Brief History of Dog Rock
Anyone who has ever been to Albany will know Dog Rock. It’s hard to miss. Dog Rock is a significant site for the local Aboriginal community and tourists alike. They call the rock Yakka, meaning “wild dog tamed”. If you were wondering, a wild dog is called a twert.
Dog Rock was given its name because of the fact it looks like a dog sniffing the air. The rock hasn’t been loved by all the members of the community, having survived numerous attempts to have it removed. In the 1920’s they wanted to blast it out to make the road wider (and safer) but due to a public outcry the idea was aborted. In the 1960’s an idea was proposed to have the rock shifted to a roundabout more closer to the heart of the city. Which was a silly idea considering the other end of the dog can be found a short walk away at St Joseph’s (Roman Catholic Church). Yes, that sharp rock rising from the ground is the dog’s tail and it’s called Yakknint (a dog’s tail). The local radio station 6VA, suggested that it be cut into slices and reassembled at the new site, much to everyone’s horror.
Don’t fear Dog Rock lovers, any thought of moving it now is impossible as it’s recognised as a significant Aboriginal heritage site and an iconic symbol of the area.

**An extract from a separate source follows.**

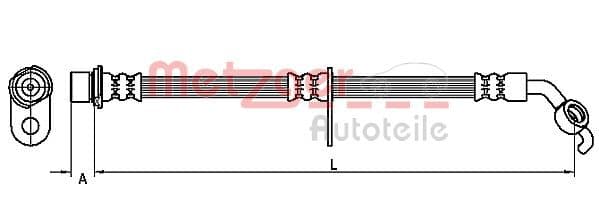 Furtun frana METZGER 4110099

Interestingly or scary, Aboriginal people have never camped or sought shelter beneath Dog Rock for reasons unknown.
As you would expect there are numerous myths and legends about this rock however one of the most popular tales involves the Silverthorne family who lived in Albany around the 1840’s. As the story goes they lived in a cabin on top of Mount Clarence.
One day, John and his wife spied the mail ship sailing into port and decided to go down to greet it, in the hope of recieving mail. The couple not wanting to disturb their sleeping little three year old daughter , Betty, decided to leave her behind in the cabin being guarded by the family spaniel, Victor.
As the Silverthornes were returning home they saw a group of Aboriginals running towards their cabin where Betty was still sleeping. Victor (the dog)went wild and began growling and snapping at the unwelcome visitors. In retaliation the aborigines began throwing spears at the pooch, eventually killing him.
When the Aborigines left, the family buried the poor Victor on the western side of Mount Clarence but as luck would have it a big storm came in that night and washed dog’s grave away. The following day a mysterious granite rock appeared at the bottom of the hill in the shape of a spaniel’s head.
Aboriginal dreamtime tell a different tale. They believe their gods used the rock as a model for the design of dogs.